2.6 Entre-temps, le 7 avril 1998, l'auteur avait déposé une plainte pénale auprès du parquet de Thessalonique contre les quatre policiers impliqués dans les tirs contre A. Celal. Le 16 avril 1998, la police a notifié officiellement l'incident au parquet. (1) Le 22 mai 1998, les policiers P., Y. et H. ont été inculpés par le Procureur de tentative en commun d'homicide (art. 42, 83, 94 et 299 du Code pénal) et dommage grave causé aux biens d'autrui (art. 381 et 382 du Code) devant le tribunal correctionnel de Thessalonique et l'ouverture d'une information a été ordonnée.
2.7 Le 31 janvier 2000, le substitut du Procureur, après avoir mené sa propre enquête, a déposé une requête auprès de la section judiciaire du tribunal correctionnel recommandant l'acquittement pour chacun des trois policiers.
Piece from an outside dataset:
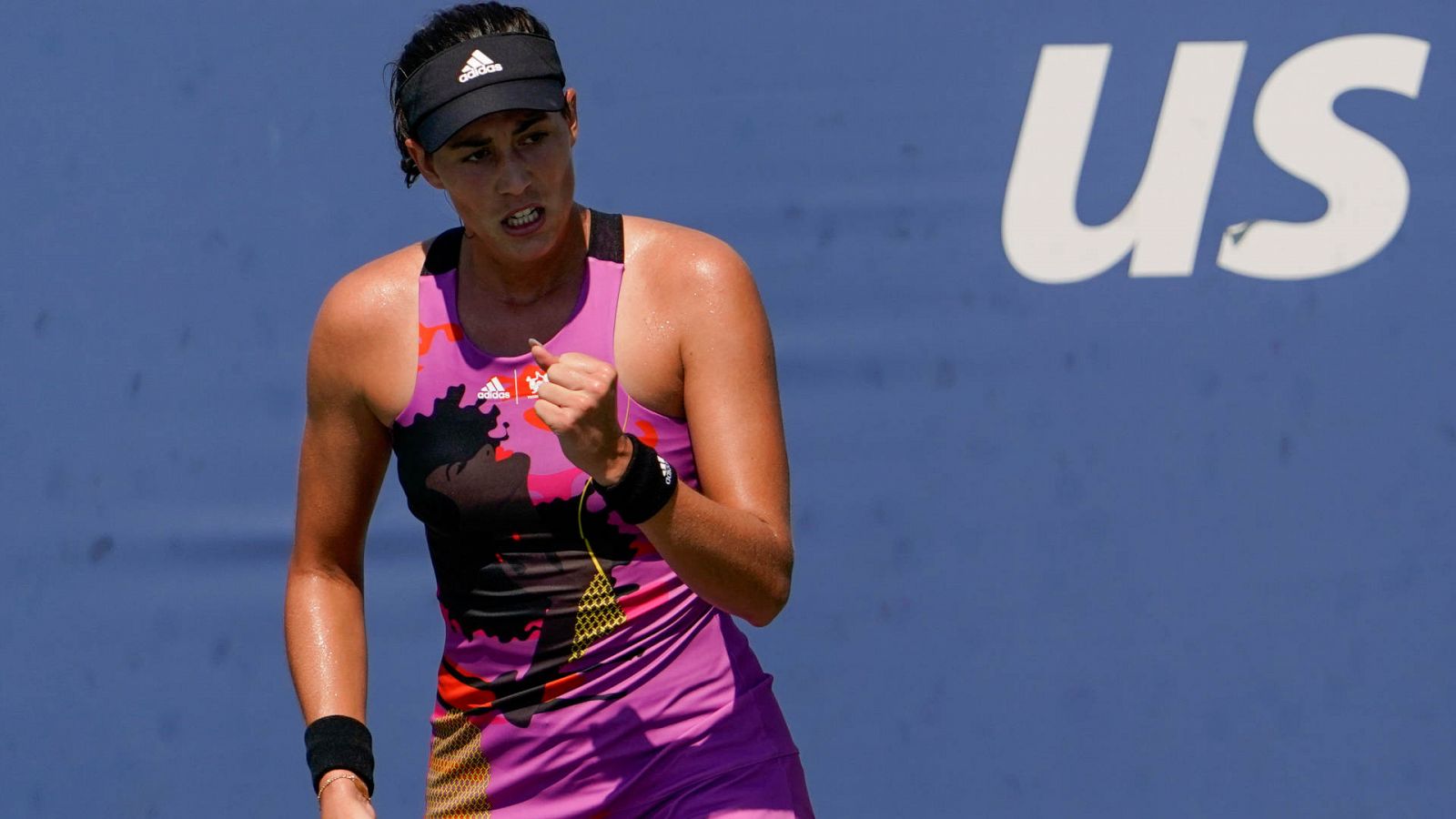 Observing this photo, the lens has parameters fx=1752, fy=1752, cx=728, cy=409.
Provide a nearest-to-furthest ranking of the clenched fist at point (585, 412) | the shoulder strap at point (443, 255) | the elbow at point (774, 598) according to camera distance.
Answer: the clenched fist at point (585, 412) < the elbow at point (774, 598) < the shoulder strap at point (443, 255)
Le 23 février 2000, la section judiciaire du tribunal correctionnel a accepté la requête et a acquitté les policiers, au motif que leurs actes ne pouvaient être considérés comme illicites en dernière analyse, leur caractère initialement illicite ayant été effacé par le fait qu'ils avaient été accomplis en légitime défense. Le 25 avril 2000, l'un des conseils de l'auteur qui le représentait devant le Comité a déposé une requête motivée auprès du parquet de la cour d'appel demandant à former un recours d'office contre la décision de la section judiciaire. Le 26 avril 2000, le parquet de la cour d'appel a jugé qu'il n'y avait pas motif à recours. Le 15 juin 2000, M. F. a été arrêté. Le même jour, l'auteur a déposé un recours auprès de la section judiciaire de la cour d'appel, faisant valoir que comme les trois suspects n'avaient représenté aucune menace pour la sécurité des policiers, il ne pouvait pas être question de légitime défense et que, par conséquent, le décès de A. Celal était une violation de la loi. Le 20 juillet 2000, la section judiciaire de la cour d'appel a rejeté l'appel pour un motif de procédure, à savoir le défaut de mandat pour agir autorisant l'avocat de l'auteur à le représenter. En droit grec, il n'y a pas de moyen d'appel à avancer pour former un nouveau recours et demander l'autorisation de rectifier ce manquement à la procédure, ce qui rend la décision effectivement définitive. Le 5 septembre 2000, M. R. a été arrêté.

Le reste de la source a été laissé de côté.